[Start of section]

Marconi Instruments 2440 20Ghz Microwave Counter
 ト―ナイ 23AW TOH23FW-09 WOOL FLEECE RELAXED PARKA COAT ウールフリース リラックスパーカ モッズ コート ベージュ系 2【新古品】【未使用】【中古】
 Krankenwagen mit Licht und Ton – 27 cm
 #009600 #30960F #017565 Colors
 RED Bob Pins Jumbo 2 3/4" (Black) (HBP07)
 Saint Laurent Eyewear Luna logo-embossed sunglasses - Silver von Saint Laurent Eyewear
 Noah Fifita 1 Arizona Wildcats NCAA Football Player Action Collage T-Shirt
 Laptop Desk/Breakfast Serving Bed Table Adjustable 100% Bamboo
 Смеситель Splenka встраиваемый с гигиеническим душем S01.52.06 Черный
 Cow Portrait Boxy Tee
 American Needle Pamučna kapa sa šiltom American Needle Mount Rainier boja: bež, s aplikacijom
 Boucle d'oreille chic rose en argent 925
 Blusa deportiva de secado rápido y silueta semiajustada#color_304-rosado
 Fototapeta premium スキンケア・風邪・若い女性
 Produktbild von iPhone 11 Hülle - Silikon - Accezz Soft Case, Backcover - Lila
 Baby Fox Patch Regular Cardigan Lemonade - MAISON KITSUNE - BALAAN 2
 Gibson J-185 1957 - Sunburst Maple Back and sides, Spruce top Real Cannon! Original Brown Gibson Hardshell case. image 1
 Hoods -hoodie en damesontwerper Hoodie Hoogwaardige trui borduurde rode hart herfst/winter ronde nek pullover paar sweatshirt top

[End of section]

Problem description: The answer must restate all of the entries exactly.

Exercise result:
Marconi Instruments 2440 20Ghz Microwave Counter
 ト―ナイ 23AW TOH23FW-09 WOOL FLEECE RELAXED PARKA COAT ウールフリース リラックスパーカ モッズ コート ベージュ系 2【新古品】【未使用】【中古】
 Krankenwagen mit Licht und Ton – 27 cm
 #009600 #30960F #017565 Colors
 RED Bob Pins Jumbo 2 3/4" (Black) (HBP07)
 Saint Laurent Eyewear Luna logo-embossed sunglasses - Silver von Saint Laurent Eyewear
 Noah Fifita 1 Arizona Wildcats NCAA Football Player Action Collage T-Shirt
 Laptop Desk/Breakfast Serving Bed Table Adjustable 100% Bamboo
 Смеситель Splenka встраиваемый с гигиеническим душем S01.52.06 Черный
 Cow Portrait Boxy Tee
 American Needle Pamučna kapa sa šiltom American Needle Mount Rainier boja: bež, s aplikacijom
 Boucle d'oreille chic rose en argent 925
 Blusa deportiva de secado rápido y silueta semiajustada#color_304-rosado
 Fototapeta premium スキンケア・風邪・若い女性
 Produktbild von iPhone 11 Hülle - Silikon - Accezz Soft Case, Backcover - Lila
 Baby Fox Patch Regular Cardigan Lemonade - MAISON KITSUNE - BALAAN 2
 Gibson J-185 1957 - Sunburst Maple Back and sides, Spruce top Real Cannon! Original Brown Gibson Hardshell case. image 1
 Hoods -hoodie en damesontwerper Hoodie Hoogwaardige trui borduurde rode hart herfst/winter ronde nek pullover paar sweatshirt top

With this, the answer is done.